6 Temporal Comparison at BUL-01 (MOR37)

knitr::opts_chunk$set(fig.path = "fig/0450-results-temporal/", dev = "png")

The CABIN open data archive contains benthic records from site MOR37 (“Upper Bulkley @ Morice”), with single kick-net samples in 2004 (BC MOE-FSP Skeena Region study; September 10) and 2018 (BC-Wet’suwet’en ESI study; August 13). Our 2025 BUL-01 samples (three replicates; October 3) were collected within 49 m of the historical MOR37 coordinates — confirming that all three sampling events targeted the same reach. Despite this spatial consistency, seasonal timing varied by nearly two months across the three events, which may influence community composition due to differences in life-cycle phenology. Later in the season, aquatic insect communities are generally more mature — larvae are larger and better-developed, making them easier to identify to species level, and the community structure is more stable and representative of site conditions.
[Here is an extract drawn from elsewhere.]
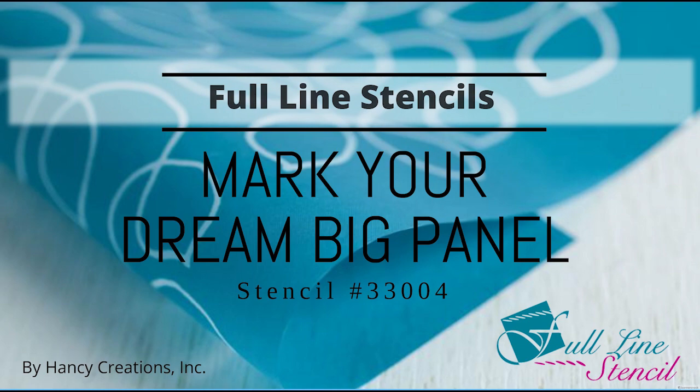Hi, I'm Marilyn with Hansi Creations. Thanks so much for joining me. I'm going to show you how to use the guide that comes with the Big Dream Panel stencils. First of all, you should have your two stencils, the guide for placement and order, your pounce pad, and it's helpful to have a pencil. You'll also need an iron and an ironing board.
Earlier sampling (e.g., mid-August) captures more early-instar individuals that are harder to identify and may not yet reflect the full complement of species present. The pace of this development depends on water temperature and accumulated degree-days, which vary among years.


# Load and summarize CABIN historical data (MOR37: 2004, 2018)
cabin_hist <- readr::read_csv("data/processed/cabin_opendata_benthic_bul01.csv",
                               show_col_types = FALSE)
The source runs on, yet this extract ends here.